Il est donc possible d’aller à un endroit dans la limite de sa portée de déplacement et attaquer (ou l’inverse), utiliser de la magie (qui sont les mêmes pour tous), changer d’arme (ce qui coûtera un tour d’action). Un certain nombre d’armes possède d’ailleurs un type (eau, feu, ténèbres…) différent et toucher un ennemi avec un objet du même genre que lui ne fera que lui redonner des points de vie. La magie coûte un tour à se charger avant d’être lancée au suivant, et un protagoniste qui passe son tour pourra agir plus vite au suivant. Il est possible d’atteindre une cible positionnée diagonalement à soi.

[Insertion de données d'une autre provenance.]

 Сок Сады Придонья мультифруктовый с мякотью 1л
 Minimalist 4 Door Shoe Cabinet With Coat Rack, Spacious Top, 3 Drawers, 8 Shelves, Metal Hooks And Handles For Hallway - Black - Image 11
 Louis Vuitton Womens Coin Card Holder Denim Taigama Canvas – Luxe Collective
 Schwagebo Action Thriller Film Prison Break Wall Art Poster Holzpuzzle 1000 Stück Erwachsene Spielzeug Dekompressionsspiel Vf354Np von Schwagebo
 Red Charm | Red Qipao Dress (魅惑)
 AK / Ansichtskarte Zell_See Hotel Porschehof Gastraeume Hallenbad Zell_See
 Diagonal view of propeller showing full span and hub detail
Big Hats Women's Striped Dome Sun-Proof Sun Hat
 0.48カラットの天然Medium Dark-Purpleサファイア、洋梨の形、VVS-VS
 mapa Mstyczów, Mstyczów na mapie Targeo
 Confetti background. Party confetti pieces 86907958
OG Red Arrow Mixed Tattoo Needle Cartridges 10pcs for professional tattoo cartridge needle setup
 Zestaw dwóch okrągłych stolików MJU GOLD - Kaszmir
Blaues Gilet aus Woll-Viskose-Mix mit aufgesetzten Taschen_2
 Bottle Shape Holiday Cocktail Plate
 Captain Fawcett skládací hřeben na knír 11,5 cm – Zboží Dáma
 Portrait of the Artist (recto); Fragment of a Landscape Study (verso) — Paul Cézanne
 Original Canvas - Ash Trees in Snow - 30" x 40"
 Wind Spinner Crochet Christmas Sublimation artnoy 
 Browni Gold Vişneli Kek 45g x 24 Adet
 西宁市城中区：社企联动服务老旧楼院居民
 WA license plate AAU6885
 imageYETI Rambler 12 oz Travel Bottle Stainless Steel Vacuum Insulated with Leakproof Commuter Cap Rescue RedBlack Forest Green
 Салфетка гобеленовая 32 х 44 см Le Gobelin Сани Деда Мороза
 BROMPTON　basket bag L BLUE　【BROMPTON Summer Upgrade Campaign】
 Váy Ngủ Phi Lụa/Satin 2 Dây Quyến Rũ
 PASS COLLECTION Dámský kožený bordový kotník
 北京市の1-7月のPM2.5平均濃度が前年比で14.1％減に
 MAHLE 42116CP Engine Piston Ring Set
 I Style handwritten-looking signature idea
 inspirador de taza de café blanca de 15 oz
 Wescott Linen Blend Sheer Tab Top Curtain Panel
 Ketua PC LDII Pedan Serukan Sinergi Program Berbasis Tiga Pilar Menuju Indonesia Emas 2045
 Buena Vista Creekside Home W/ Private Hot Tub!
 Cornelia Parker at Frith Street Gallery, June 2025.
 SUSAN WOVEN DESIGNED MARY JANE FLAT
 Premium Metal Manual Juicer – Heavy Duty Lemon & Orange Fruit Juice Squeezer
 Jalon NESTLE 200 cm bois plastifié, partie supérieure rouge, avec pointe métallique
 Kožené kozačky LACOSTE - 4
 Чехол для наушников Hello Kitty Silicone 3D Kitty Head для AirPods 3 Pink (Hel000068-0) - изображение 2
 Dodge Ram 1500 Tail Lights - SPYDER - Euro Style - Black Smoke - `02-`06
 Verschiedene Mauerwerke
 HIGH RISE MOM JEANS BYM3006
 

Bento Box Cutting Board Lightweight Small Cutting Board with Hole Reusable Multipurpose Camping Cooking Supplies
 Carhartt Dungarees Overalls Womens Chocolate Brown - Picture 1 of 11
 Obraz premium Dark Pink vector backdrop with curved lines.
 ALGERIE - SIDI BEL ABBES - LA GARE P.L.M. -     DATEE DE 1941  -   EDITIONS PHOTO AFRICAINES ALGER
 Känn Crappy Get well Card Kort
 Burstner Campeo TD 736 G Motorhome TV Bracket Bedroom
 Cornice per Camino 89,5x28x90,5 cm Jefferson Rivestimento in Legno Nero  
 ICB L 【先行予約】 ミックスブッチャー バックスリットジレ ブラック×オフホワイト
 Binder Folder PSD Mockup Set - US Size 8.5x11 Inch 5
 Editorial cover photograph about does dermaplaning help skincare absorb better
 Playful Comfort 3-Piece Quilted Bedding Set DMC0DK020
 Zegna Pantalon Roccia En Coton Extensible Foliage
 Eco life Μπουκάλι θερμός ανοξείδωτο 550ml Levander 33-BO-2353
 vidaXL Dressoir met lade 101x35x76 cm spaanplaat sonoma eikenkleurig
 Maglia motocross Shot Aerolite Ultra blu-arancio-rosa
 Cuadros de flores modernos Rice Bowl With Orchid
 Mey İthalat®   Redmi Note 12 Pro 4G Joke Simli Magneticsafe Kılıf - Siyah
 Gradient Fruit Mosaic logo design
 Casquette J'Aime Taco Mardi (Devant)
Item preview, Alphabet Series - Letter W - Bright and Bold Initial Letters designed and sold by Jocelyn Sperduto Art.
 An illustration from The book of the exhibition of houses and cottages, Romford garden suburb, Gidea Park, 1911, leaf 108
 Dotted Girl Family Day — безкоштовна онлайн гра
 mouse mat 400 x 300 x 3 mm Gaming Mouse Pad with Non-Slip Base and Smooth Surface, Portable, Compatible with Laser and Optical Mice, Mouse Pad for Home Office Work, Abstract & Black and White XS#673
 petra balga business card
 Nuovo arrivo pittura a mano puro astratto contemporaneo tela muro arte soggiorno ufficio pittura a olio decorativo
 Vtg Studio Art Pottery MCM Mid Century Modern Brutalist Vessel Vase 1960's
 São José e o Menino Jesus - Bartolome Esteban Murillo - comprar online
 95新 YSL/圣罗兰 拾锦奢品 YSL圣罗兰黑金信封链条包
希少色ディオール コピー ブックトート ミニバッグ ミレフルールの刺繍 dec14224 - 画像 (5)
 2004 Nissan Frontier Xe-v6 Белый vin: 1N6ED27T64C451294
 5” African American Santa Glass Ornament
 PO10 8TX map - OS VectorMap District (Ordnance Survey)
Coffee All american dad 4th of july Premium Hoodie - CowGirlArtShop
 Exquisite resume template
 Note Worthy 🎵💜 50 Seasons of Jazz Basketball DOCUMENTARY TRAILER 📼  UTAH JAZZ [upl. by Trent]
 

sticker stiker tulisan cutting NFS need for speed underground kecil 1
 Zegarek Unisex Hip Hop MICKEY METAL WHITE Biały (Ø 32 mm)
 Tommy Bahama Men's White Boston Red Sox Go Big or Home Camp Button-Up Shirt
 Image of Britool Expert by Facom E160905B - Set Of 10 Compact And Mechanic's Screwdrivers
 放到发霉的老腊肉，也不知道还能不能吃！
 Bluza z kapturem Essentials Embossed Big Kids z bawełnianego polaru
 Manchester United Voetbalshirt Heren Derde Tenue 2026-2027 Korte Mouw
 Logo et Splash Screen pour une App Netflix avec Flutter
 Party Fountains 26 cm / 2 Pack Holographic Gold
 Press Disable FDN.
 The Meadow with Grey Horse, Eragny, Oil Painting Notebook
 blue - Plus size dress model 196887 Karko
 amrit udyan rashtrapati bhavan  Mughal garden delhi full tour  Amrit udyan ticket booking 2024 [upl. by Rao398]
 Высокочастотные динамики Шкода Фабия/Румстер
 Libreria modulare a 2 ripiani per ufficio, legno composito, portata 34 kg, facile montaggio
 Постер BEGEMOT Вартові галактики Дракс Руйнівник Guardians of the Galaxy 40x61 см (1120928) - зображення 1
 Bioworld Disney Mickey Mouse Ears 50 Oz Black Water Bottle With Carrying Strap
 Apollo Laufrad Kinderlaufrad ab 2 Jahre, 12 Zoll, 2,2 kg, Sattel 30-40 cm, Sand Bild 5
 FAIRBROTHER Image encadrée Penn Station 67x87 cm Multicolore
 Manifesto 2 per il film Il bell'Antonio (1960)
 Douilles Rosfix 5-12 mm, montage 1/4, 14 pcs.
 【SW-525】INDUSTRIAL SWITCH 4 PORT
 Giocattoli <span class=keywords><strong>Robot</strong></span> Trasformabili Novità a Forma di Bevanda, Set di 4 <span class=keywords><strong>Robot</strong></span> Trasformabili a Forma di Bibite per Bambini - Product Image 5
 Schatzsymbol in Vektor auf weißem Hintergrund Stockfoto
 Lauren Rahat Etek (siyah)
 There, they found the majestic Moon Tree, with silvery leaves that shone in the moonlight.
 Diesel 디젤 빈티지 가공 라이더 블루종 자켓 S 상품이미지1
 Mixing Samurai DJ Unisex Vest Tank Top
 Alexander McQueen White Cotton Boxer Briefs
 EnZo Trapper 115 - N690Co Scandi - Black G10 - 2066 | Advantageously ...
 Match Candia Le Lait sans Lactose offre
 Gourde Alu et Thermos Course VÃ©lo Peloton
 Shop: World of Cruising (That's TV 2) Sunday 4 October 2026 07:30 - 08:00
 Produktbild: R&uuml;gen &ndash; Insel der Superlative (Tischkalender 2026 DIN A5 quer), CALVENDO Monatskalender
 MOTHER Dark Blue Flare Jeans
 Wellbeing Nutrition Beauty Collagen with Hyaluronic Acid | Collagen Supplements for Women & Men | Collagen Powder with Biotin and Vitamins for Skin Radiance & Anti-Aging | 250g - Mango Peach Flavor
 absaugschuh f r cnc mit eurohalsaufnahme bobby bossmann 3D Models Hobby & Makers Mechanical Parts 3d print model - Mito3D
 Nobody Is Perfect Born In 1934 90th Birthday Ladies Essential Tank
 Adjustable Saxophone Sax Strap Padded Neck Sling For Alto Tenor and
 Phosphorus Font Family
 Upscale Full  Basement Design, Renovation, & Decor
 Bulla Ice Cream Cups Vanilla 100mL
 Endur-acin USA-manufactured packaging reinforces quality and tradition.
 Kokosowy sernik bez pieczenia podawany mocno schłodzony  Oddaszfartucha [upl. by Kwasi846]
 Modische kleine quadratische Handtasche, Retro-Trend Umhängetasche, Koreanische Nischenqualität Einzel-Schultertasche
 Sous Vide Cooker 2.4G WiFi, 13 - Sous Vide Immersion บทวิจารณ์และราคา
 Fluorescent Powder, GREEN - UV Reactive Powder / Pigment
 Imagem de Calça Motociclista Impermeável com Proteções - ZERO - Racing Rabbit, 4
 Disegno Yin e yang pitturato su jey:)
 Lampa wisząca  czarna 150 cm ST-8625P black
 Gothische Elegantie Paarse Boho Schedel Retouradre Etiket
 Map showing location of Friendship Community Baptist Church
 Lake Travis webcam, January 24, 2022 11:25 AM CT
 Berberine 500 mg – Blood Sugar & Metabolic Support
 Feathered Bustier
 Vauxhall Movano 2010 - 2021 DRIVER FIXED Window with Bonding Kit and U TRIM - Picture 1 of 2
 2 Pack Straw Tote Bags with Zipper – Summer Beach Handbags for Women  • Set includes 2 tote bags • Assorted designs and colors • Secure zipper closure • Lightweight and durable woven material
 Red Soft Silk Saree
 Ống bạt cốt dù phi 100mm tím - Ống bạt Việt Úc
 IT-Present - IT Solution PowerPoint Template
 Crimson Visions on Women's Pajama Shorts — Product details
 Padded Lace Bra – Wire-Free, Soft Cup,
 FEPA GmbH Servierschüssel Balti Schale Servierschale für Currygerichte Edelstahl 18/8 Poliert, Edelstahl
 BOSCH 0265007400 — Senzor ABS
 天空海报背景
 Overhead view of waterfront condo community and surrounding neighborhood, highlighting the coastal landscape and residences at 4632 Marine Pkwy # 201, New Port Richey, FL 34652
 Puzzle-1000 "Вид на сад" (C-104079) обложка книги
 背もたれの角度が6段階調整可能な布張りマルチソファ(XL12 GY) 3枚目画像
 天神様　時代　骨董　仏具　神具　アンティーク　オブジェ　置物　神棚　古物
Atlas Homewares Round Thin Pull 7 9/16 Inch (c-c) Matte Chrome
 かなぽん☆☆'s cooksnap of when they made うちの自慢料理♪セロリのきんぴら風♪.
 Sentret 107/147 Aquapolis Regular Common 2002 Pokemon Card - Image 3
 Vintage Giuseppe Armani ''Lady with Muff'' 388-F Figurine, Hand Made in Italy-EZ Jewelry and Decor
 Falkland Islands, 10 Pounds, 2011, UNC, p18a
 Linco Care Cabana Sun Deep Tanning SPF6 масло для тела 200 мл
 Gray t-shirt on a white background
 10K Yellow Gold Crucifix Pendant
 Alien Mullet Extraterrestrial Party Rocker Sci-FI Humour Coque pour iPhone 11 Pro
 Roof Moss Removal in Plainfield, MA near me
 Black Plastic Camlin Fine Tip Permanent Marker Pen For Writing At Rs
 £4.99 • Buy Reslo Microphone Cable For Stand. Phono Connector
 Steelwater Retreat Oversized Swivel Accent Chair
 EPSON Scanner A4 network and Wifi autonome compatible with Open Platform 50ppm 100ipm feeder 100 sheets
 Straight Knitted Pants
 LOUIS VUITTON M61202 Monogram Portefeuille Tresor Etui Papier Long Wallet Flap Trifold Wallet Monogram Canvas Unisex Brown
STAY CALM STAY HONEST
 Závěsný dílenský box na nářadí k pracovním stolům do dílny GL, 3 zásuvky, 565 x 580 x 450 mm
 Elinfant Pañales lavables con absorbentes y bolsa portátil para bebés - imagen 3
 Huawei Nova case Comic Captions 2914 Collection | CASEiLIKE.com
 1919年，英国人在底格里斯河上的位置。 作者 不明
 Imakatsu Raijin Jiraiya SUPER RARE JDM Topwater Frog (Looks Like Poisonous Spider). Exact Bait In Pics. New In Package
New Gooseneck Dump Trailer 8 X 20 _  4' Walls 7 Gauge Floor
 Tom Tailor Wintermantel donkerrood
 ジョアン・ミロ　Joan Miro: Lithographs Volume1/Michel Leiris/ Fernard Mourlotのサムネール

A l’issue d’un combat, dans lequel il faut bien entendu tuer tous les monstres qui attaquent le joueur lors de rencontres aléatoires, on gagne des points d’expérience et à terme, un niveau. Chacun de ces niveaux permet au joueur de faire chaque membre de l’équipe à son goût en lui octroyant un ou plusieurs points à des compétences différentes. Force physique, résistance, esquive, chance et plus encore, on peut donc totalement préférer spécialiser l’un des protagonistes sur la magie à distance ou le faire plutôt devenir le bourrin de service comme on le souhaite.
Comme dit plus tôt, le jeu propose de changer d’arme en cours de bataille à chaque tour si besoin. On aura plusieurs types à notre disposition, comme des armes à feu, épées, lances, ou plus simplement barres en fer ou couteaux. Ceux-ci se brisent au bout d’un certain nombre d’assauts portés avec mais si jamais l’on tombe à court de moyens offensifs, les personnages pourront frapper à coups de poings – certes moins efficaces que n’importe quelle arme, mais c’est toujours mieux que de ne rien pouvoir faire…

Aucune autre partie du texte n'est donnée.